They couldn't implement ODF using the many OpenOffice variations that participated in the year long pilot study, so they came up with the idea of an ODF clone of the MS-OOXML Compatibility Pack plug-in for MSOffice. The thinking being that if Microsoft could convert documents, applications and processes to MS-OOXML using a plug-in, then maybe it's possible to do the same with ODF?
The ODf vendors had of course advised Massachusetts that such a plug-in could not be done. But then CIO, Louis Gutierrez, and his staff persisted, releasing the public plea for help. We responded to the RFi based on an interest myself and some other Foundation members had dating back to the initial release of the MSOffice 2003 beta when we were first amazed that an XML conversion could actually be done using the plug-in architecture.
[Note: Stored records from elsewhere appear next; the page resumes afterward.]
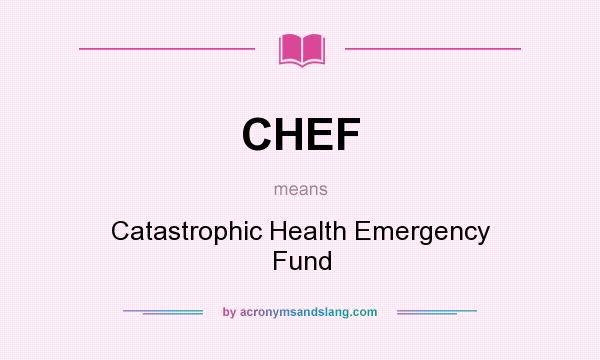 What does CHEF mean? It stands for Catastrophic Health Emergency Fund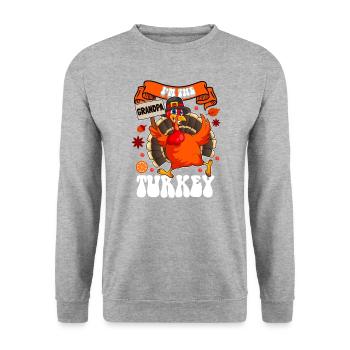 I'm The Grandpa Turkey Family Matching Funny - Unisex Sweatshirt - salt & pepper - Front - Alina (178cm) & Michal (187cm)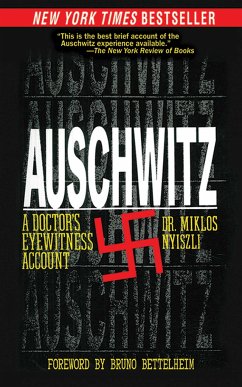 Auschwitz: A Doctor's Eyewitness Account - Nyiszli, Miklos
The one thing about the Massachusetts ODf implementation problem that people refuse to admit is that the hard barrier was not political. Sure, the politics were nasty. But Louis and his staff were determined, even though their entire budget was cut out from under them. The hard barrier that was uncovered during the pilot study was that of a wide proliferation of MSOffice bound workgroup-workflow business processes. Processes demanding the high fidelity exchange of documents commonly demanding perfect application version synchronization throughout the chain. It was too disruptive to rip out and replace MSOffice because of these bound business processes. And it was too costly to re engineer the business processes for ODf ready alternatives. Hence the idea of an ODf plug-in for MSOffice.
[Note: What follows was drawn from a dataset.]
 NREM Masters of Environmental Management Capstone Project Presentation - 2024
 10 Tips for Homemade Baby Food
Even though we proved it was possible to write an ODf clone of the MS-OOXML Compatibility Pack plug-in, and demonstrated this on June 19th, 2006 at a day long event hosted by IBM, there still remained the problem of adapting ODf to a situation it was not designed to deal with. Because we were dealing with business processes, there was an absolute need for a high fidelity “round trip” capable conversion process.
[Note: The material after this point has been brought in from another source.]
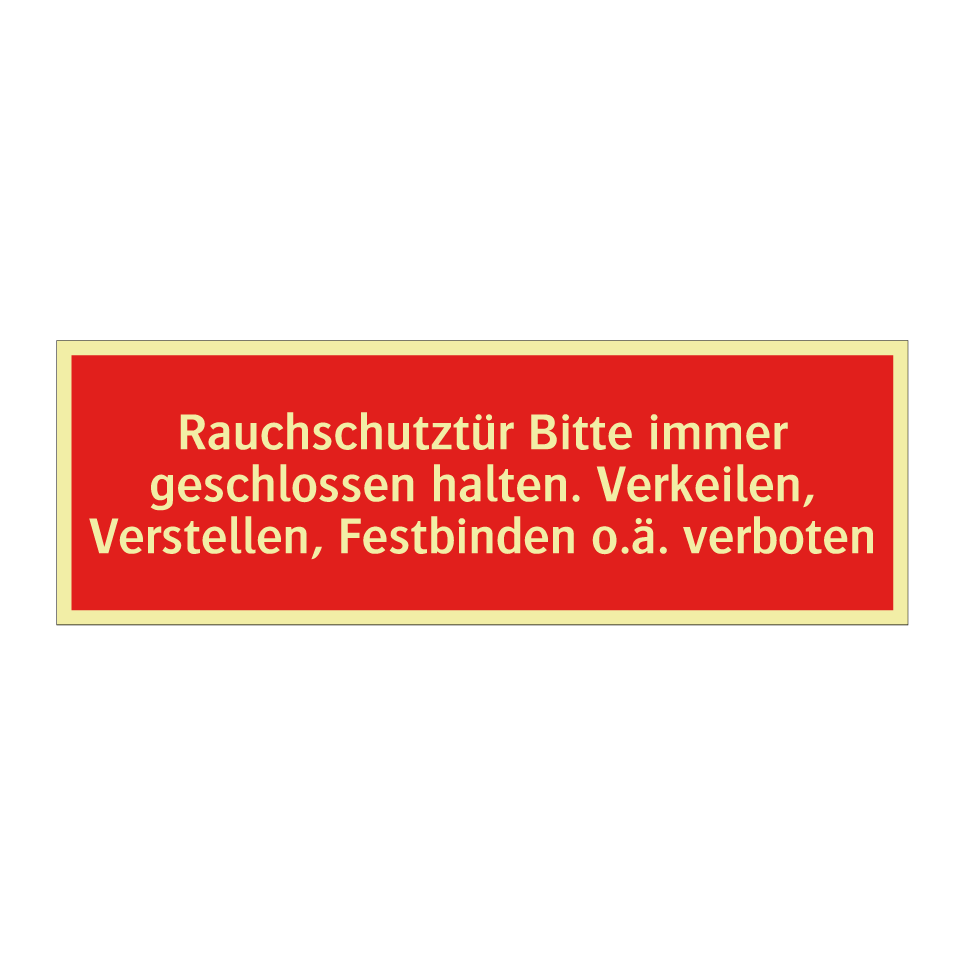 Rauchschutztür Bitte immer geschlossen halten. Verkeilen, Verstellen, Festbinden o.ä. verboten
"PLUGIN: Transparently Open a File" ** | fr0mat.net | 17 July 2006
This statement that ODf was not designed to meet the Massachusetts market requirements comes as a shock to the faithful. Yet, most would admit that if Microsoft were to join the OASIS ODf TC, there would no doubt be a massive wave of compatibility eXtensions and application specific eXtensions required for MSOffice apps to implement ODf. From our point of view though, we only needed five generic eXtensions to get the job done.
"PLUGIN: Transparently Save a File" ** | fr0mat.net | 18 July 2006
Doesn't sound like a big deal does it? But it is. The issue of eXtending ODf to meet the compatibility – interoperability needs of MSOffice desktops was destined from day one to tear the ODf community to shreds. It's kind of like the issue of slavery was to the original framers of the Constitution. They couldn't agree as to how to deal with the issue when the country was founded, and it later came back to tear the Republic apart in a horrific civil war. I'll try to explain, so bear with me.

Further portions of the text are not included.